= 2008 in red carpet fashion =

Red carpet fashion in 2008 was affected by the 2007–2008 Writers Guild of America strike, which led to the cancellation of the Golden Globes that year. The Oscars were dominated by uncontroversial designs in solid colours which led to criticism of "safe" choices, and drew attention to those who dressed more individually, such as Tilda Swinton and Marion Cotillard.
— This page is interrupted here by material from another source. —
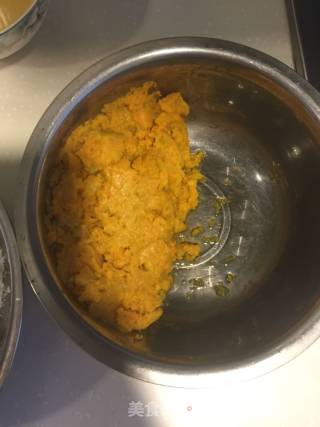 南瓜饼的做法步骤：1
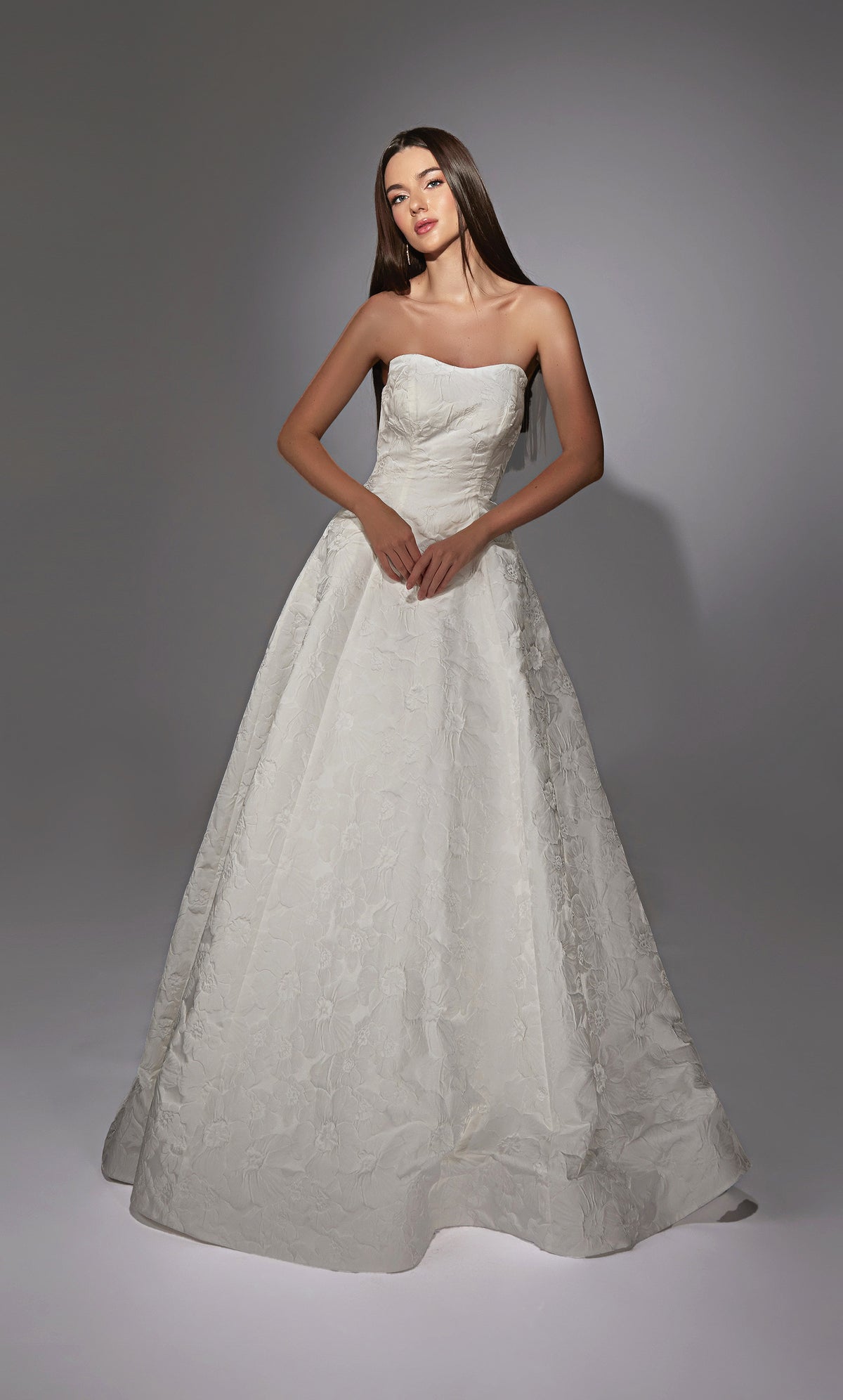 Alyce Paris 7155 decote sem alças de noiva modesto um vestido de linha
==Golden Globe Awards (January 13)==
Due to the writer's strike the 65th Golden Globe Awards ceremony was not held, with a press conference instead announcing that year's winners. Almost all the celebrities who intended to attend promised to boycott the awards rather than cross threatened picket lines. The cancellation of the Golden Globes was seen as disastrous for the fashion industry, as not only were established designers affected, but the opportunity for up-and-coming designers to achieve widespread recognition through red-carpet exposure of their designs had been severely limited, particularly with the Oscars also under threat.

==Academy Awards (February 24)==
The writer's strike, which threatened the 80th Oscars ceremony, was lifted on February 12, enabling the event to go ahead.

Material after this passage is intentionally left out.